BMO Capital Believes Canadian Apartment (TSX: CAR.UN) Still Has Room to Grow

By Austin Angelo

Canadian Apartment (TSX: CAR.UN), the Financial sector company, was revisited by a Wall Street analyst yesterday. Analyst Heather Kirk from BMO Capital reiterated a Buy rating, with a C$39 price target.

Kirk has an average return of 16.3% when recommending Canadian Apartment.

According to TipRanks.com, Kirk is ranked #465 out of 4706 analysts.

Currently, the analyst consensus on Canadian Apartment is Moderate Buy and the average price target is C$37.31, representing a 1.4% upside.

In a report issued on November 7, RBC Capital also reiterated a Buy rating on the stock with a C$38 price target.

Based on Canadian Apartment’s latest earnings report for the quarter ending September 30, the company posted quarterly revenue of C$154 million and quarterly net profit of C$216 million. In comparison, last year the company earned revenue of C$151 million and had a net profit of C$131 million.

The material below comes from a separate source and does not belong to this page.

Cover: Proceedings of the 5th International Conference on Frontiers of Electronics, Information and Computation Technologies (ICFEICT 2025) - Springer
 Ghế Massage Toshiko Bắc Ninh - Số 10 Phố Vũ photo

Canadian Apartment Properties Real Estate Investment Trust owns and operates a portfolio of multi-unit residential rental properties, including apartments, townhomes and manufactured home communities located in and near major urban centers across Canada. Its portfolio includes fee simple interests apartments and townhomes, operating leasehold interests, land leasehold interests and fee simple interests MHC land lease sites. The company was founded by Thomas H. Schwartz and Michael Leon Stein on February 3, 1997 and is headquartered in Toronto, Canada.

The company’s shares closed on Tuesday at C$36.80, close to its 52-week high of C$37.35.